### What you will do
All of the lines below should be copied word for word.

### Information given
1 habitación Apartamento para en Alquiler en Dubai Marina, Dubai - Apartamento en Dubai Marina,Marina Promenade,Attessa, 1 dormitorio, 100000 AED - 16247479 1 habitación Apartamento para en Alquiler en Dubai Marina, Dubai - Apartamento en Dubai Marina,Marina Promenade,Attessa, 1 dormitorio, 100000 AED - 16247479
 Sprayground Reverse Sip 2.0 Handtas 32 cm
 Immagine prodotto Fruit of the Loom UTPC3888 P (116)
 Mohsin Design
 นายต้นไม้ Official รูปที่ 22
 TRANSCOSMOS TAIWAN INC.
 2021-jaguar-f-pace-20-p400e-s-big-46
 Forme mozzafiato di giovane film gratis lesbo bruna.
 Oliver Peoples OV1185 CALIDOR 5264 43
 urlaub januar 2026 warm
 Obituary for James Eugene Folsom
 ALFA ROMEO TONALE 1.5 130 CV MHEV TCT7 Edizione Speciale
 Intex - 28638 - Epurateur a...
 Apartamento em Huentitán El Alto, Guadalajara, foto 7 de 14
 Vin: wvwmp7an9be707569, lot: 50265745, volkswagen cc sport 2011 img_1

### Solution for this task
1 habitación Apartamento para en Alquiler en Dubai Marina, Dubai - Apartamento en Dubai Marina,Marina Promenade,Attessa, 1 dormitorio, 100000 AED - 16247479 1 habitación Apartamento para en Alquiler en Dubai Marina, Dubai - Apartamento en Dubai Marina,Marina Promenade,Attessa, 1 dormitorio, 100000 AED - 16247479
 Sprayground Reverse Sip 2.0 Handtas 32 cm
 Immagine prodotto Fruit of the Loom UTPC3888 P (116)
 Mohsin Design
 นายต้นไม้ Official รูปที่ 22
 TRANSCOSMOS TAIWAN INC.
 2021-jaguar-f-pace-20-p400e-s-big-46
 Forme mozzafiato di giovane film gratis lesbo bruna.
 Oliver Peoples OV1185 CALIDOR 5264 43
 urlaub januar 2026 warm
 Obituary for James Eugene Folsom
 ALFA ROMEO TONALE 1.5 130 CV MHEV TCT7 Edizione Speciale
 Intex - 28638 - Epurateur a...
 Apartamento em Huentitán El Alto, Guadalajara, foto 7 de 14
 Vin: wvwmp7an9be707569, lot: 50265745, volkswagen cc sport 2011 img_1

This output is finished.